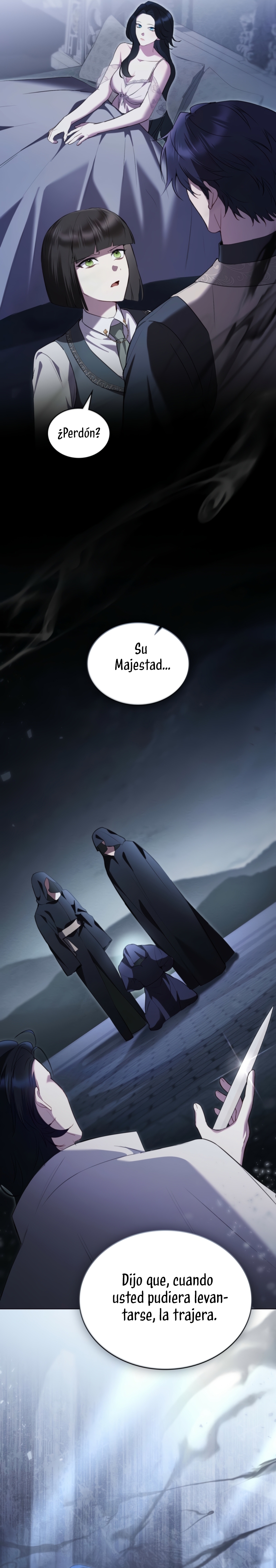 El muñeco del dormitorio de la princesa Capítulo 45 - Página 23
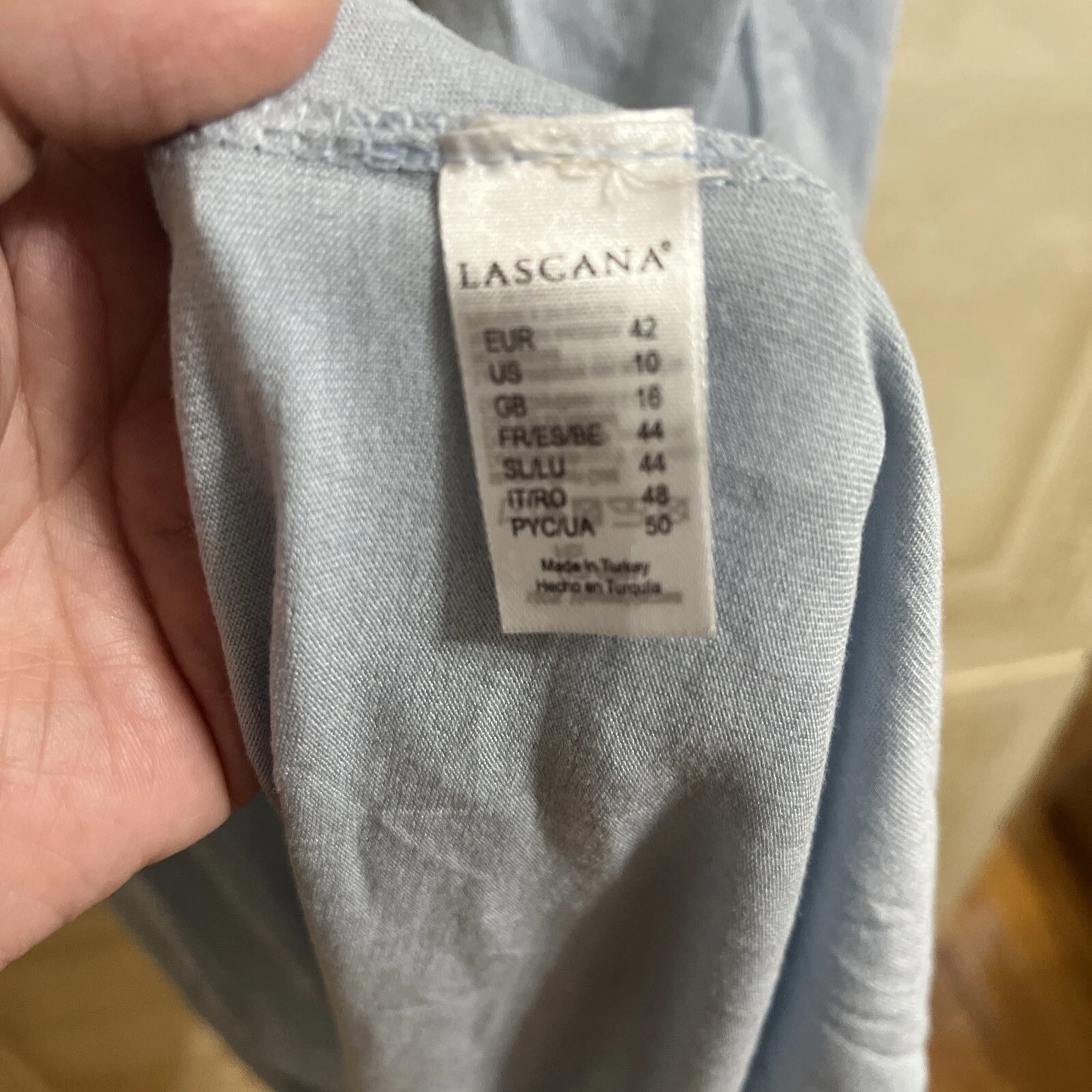 UNDERCOVER Abito Lascana di Victoria’s Secret.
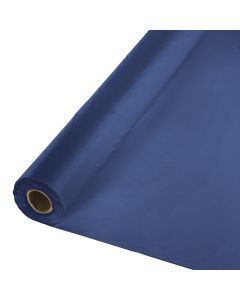 Navy Blue Table Roll 40"x100''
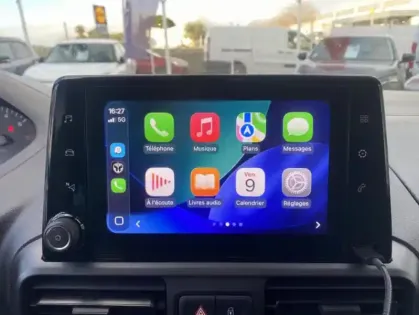 Photo 5 Peugeot Partner III BLUEHDI 100 1000KG STANDARD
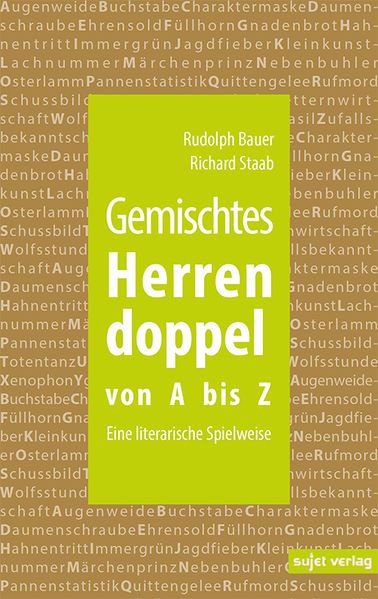 Cover von Gemischtes Herrendoppel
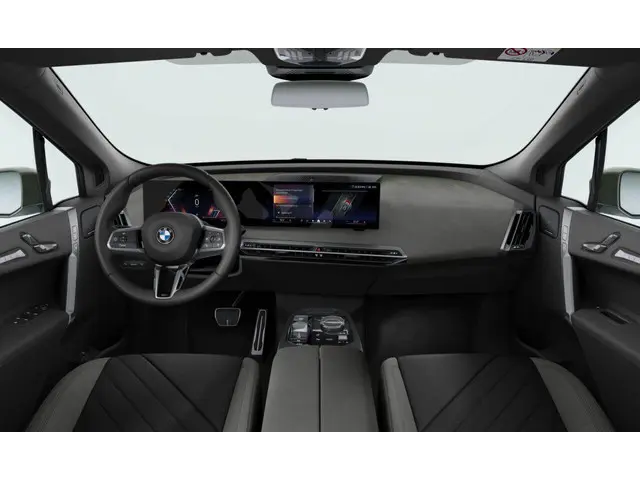 BMW iX xDrive45 2025 Elektrisch 3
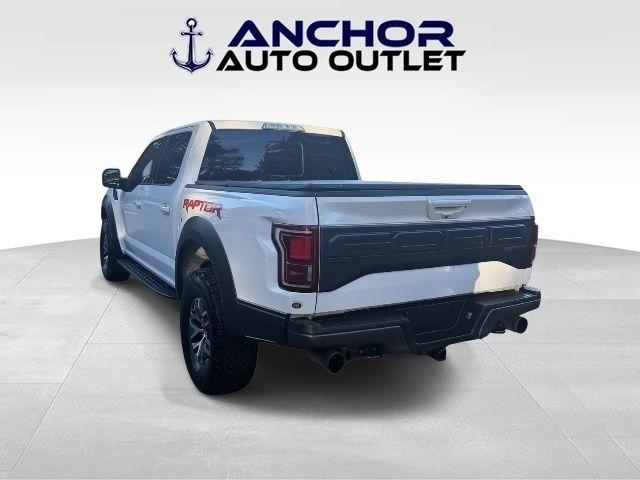 Ford F-150  2018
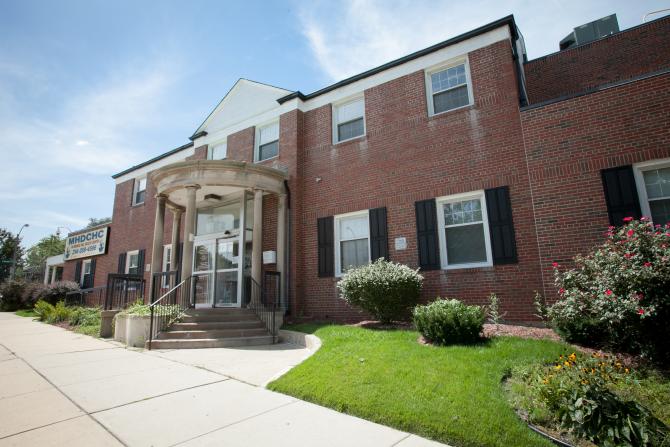 Florence Hill Health Center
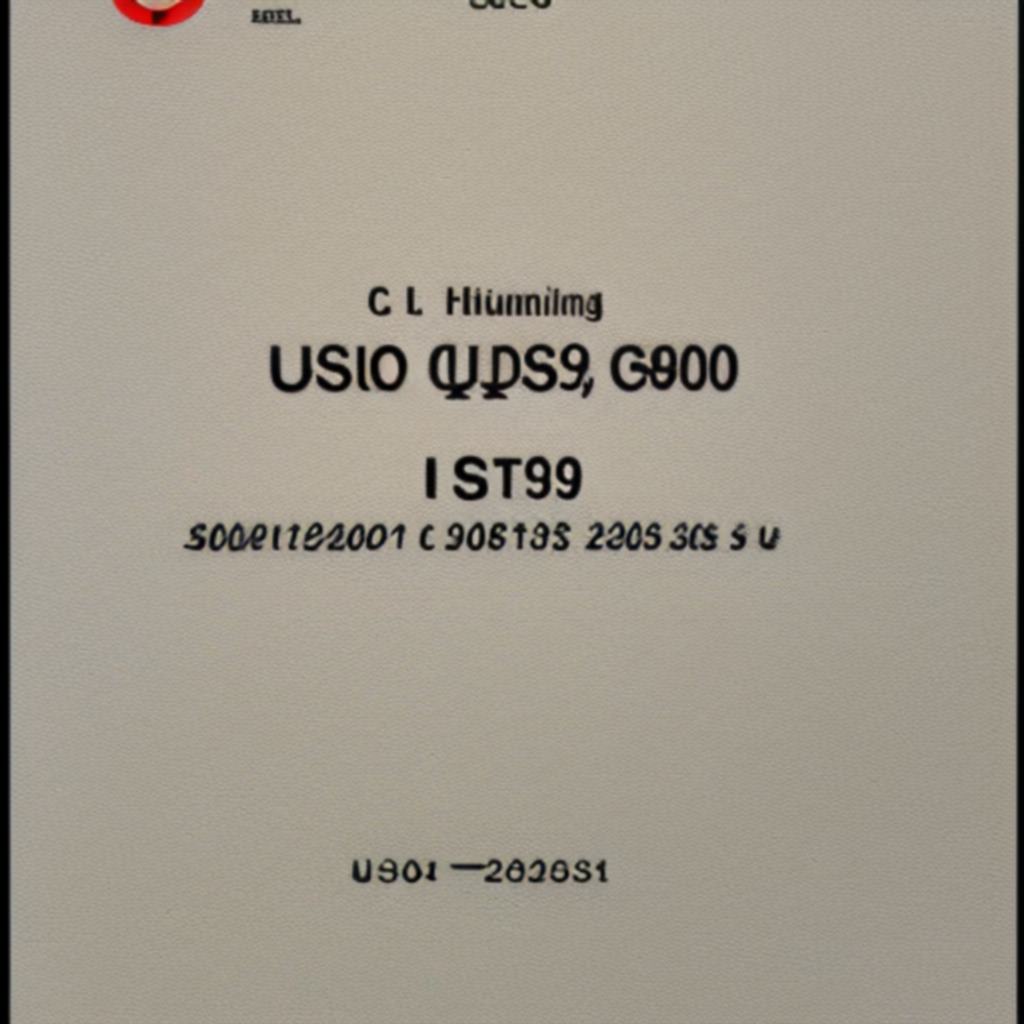 ISO 9013: Standard dla cięcia materiałów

===

• _What is required_
Repeat the records above exactly, leaving out any pictures they contain.

• _Answer box_
 El muñeco del dormitorio de la princesa Capítulo 45 - Página 23
 UNDERCOVER Abito Lascana di Victoria’s Secret.
 Navy Blue Table Roll 40"x100''
 Photo 5 Peugeot Partner III BLUEHDI 100 1000KG STANDARD
 Cover von Gemischtes Herrendoppel
 BMW iX xDrive45 2025 Elektrisch 3
 Ford F-150  2018
 Florence Hill Health Center
 ISO 9013: Standard dla cięcia materiałów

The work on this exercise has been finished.